GIVEN RECORDS:

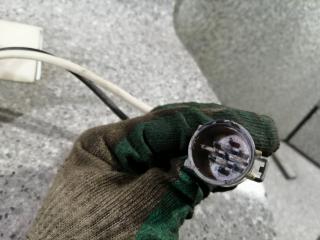 замок двери передней левой Toyota Carina T190 1995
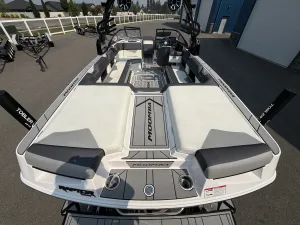 2020-moomba-makai-142947-image11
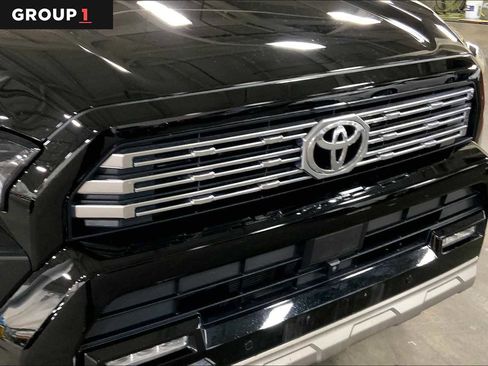 Used 2025 Toyota 4Runner Limited AWD/4WD image 30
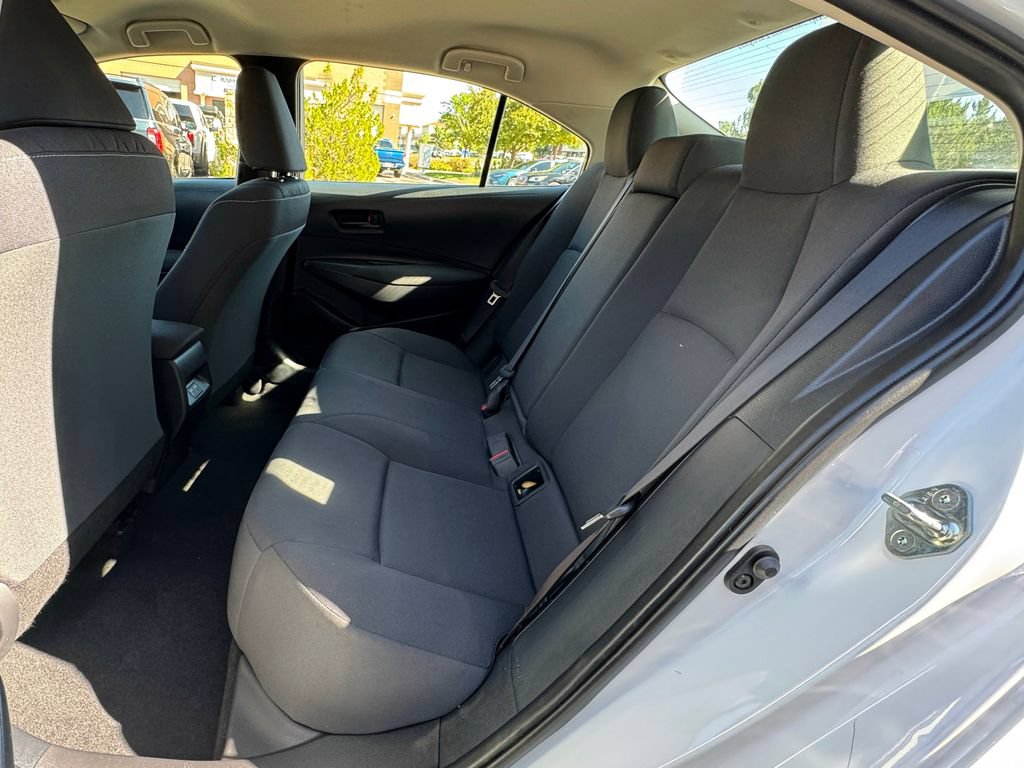 Used 2023 Toyota Corolla LE FWD image 30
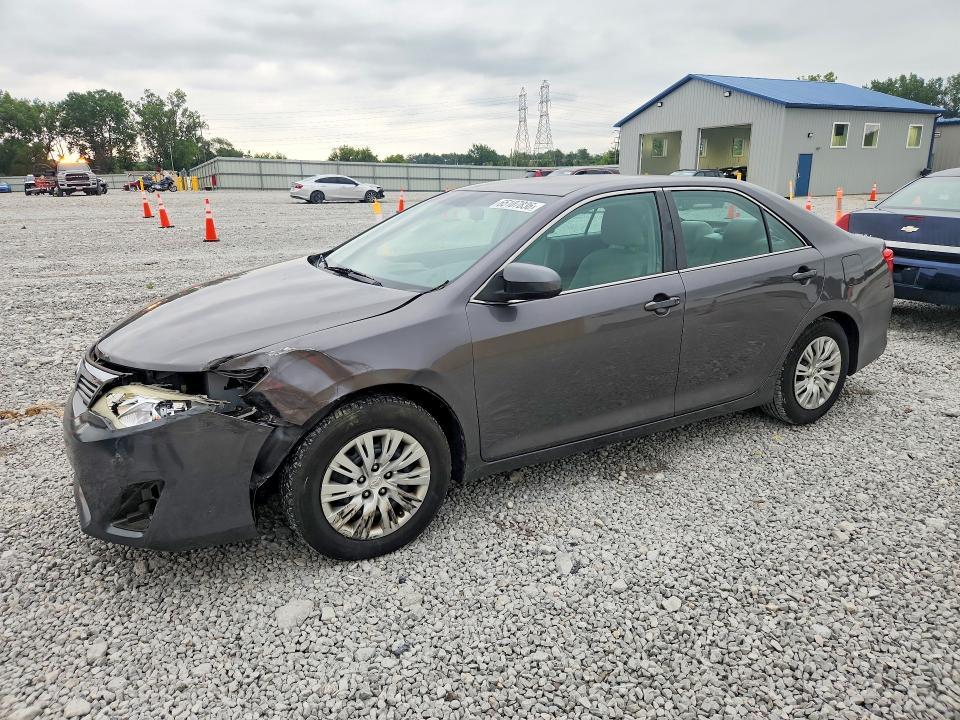 2014 Toyota Camry — фото 1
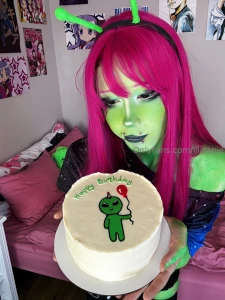 Its my birthday todayyy ___ and i just wanted to say something real part 4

DIRECTIONS: Please print the records above once more, word for word, omitting all pictures.

WRITTEN REPLY:
 замок двери передней левой Toyota Carina T190 1995
 2020-moomba-makai-142947-image11
 Used 2025 Toyota 4Runner Limited AWD/4WD image 30
 Used 2023 Toyota Corolla LE FWD image 30
 2014 Toyota Camry — фото 1
 Its my birthday todayyy ___ and i just wanted to say something real part 4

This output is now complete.